Je souhaite réagir à l'article "Productivité, agilité, industrialisation : même combat?" paru ce mois dans le numéro 113 du magazine PROgrammez. Cet article fait parti d'un dossier spécial dédié à la productivité.
L'auteur y défend l'efficacité de la démarche Model-Driven avec génération du code. Il utilise certains arguments pour lesquels j'ai d'autres points de vue.
Tout d'abord, l'auteur affirme que "[la maintenance des modèles] est moins coûteuse que celle d'un code car celui-ci est dépendant de la technologie, des évolutions des outils, etc."
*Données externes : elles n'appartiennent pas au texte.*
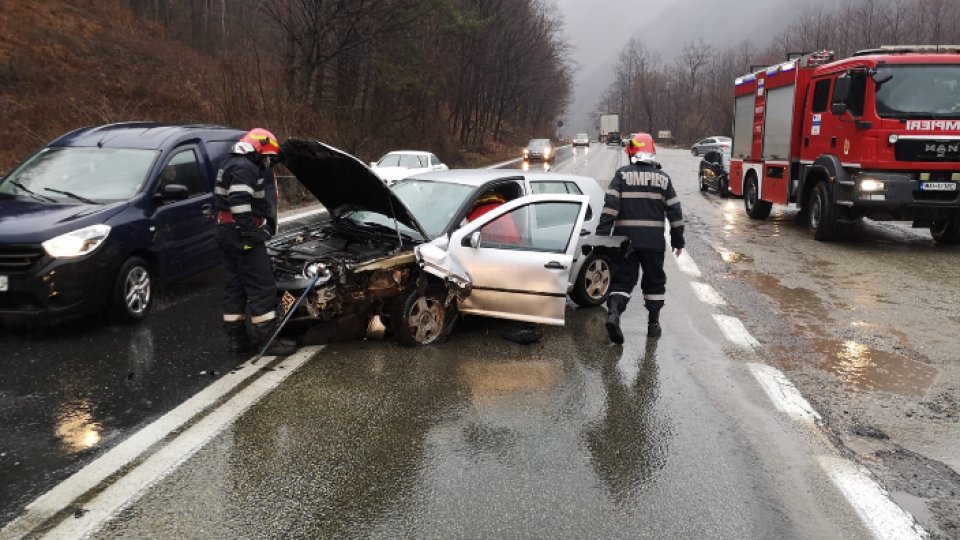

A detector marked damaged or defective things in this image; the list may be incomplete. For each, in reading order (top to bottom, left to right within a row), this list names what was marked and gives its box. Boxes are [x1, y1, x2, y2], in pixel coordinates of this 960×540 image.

damaged silver car [268, 137, 624, 344]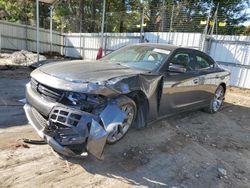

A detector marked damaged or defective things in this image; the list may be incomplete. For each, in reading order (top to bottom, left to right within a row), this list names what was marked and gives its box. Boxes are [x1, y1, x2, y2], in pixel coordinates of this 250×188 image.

damaged front bumper [24, 96, 126, 159]
crumpled hood [38, 60, 146, 83]
broken car part on ground [23, 43, 230, 159]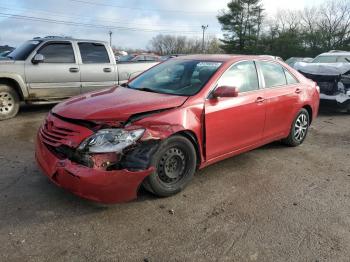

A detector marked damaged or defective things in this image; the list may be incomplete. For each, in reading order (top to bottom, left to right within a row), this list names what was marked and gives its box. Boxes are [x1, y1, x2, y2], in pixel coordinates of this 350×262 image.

crumpled hood [52, 86, 189, 122]
damaged front end [296, 62, 350, 110]
damaged front end [36, 111, 161, 204]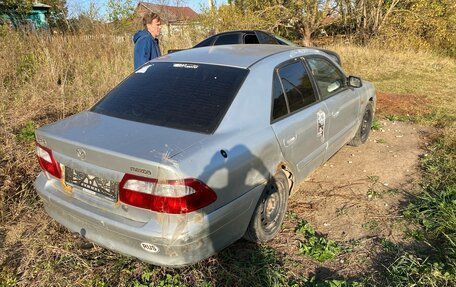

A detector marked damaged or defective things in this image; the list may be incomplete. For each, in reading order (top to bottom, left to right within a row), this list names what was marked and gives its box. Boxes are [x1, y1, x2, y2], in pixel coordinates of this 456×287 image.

damaged rear bumper [34, 173, 264, 268]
L'auteur a en tête les Platform-Independant-Models qui ne dépendent pas de la plateforme technologique. Par contre, il ne faut pas se leurrer: le modèle est très dépendant de la technologie MDE, de l'outil de modélisation, des outils de transformation de modèles et de l'outil de génération de code. Ainsi, les modèles restent dépendants de la technologie et des évolutions des outils.
Ensuite, l'auteur affirme que "L'éclectisme du code résultant des cultures et sensibilités diverses et variées des programmeurs se paye aussi comptant au moment du calcul des prix de revient des applications." Par expérience, j'ai remarqué qu'il existe autant de manières de modéliser une idée que de manières de la coder. Malgré un standard commun, j'ai pu constater que plusieurs développeurs au sein d'un même projet modélisent de manières différentes. UML n'est qu'une notation. De même, plusieurs rédacteurs rédigeront une même histoire de façons multiples.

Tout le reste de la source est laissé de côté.